● DATA SECTION

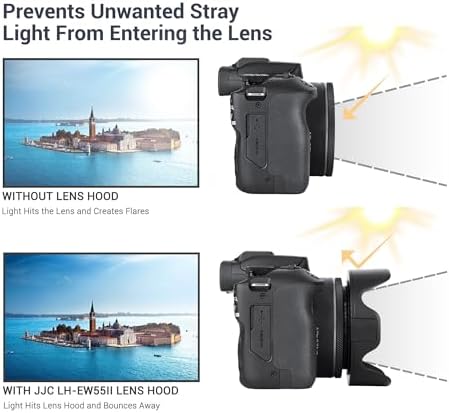 JJC Tulip Lens Hood for Canon RF 28mm f/2.8 STM, Replaces EW-55 - Image 3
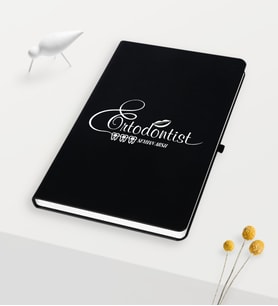 BK Gift Kişiye Özel Ortodontist Temalı Siyah Defter - 1
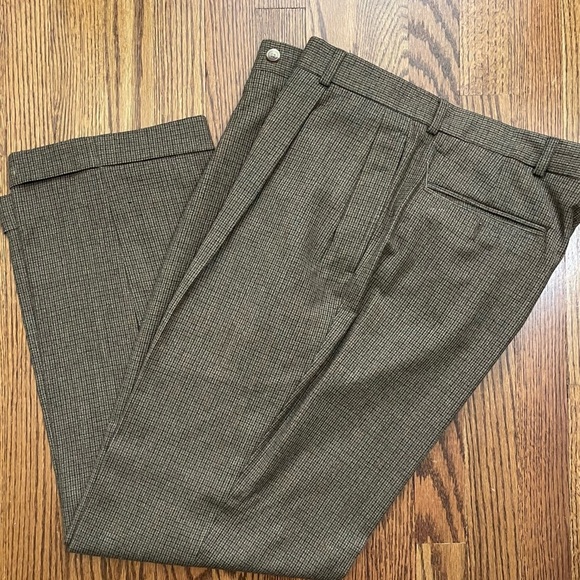 Nautica Men's Wool Dress Pants Pleated Cuffed Size 36x30 - Picture 1 of 7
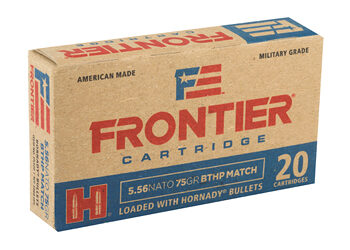 Alternative view of FRONTIER 556NATO 75GR BTHP MTCH 20/5
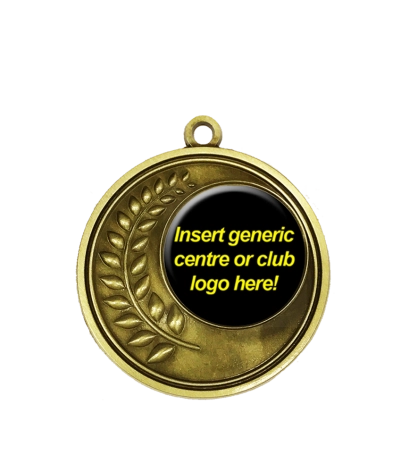 Insert Fern - Gold Relief Medal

● ASSIGNMENT
Write out the whole listing above exactly, minus images.

● YOUR SOLUTION
 JJC Tulip Lens Hood for Canon RF 28mm f/2.8 STM, Replaces EW-55 - Image 3
 BK Gift Kişiye Özel Ortodontist Temalı Siyah Defter - 1
 Nautica Men's Wool Dress Pants Pleated Cuffed Size 36x30 - Picture 1 of 7
 Alternative view of FRONTIER 556NATO 75GR BTHP MTCH 20/5
 Insert Fern - Gold Relief Medal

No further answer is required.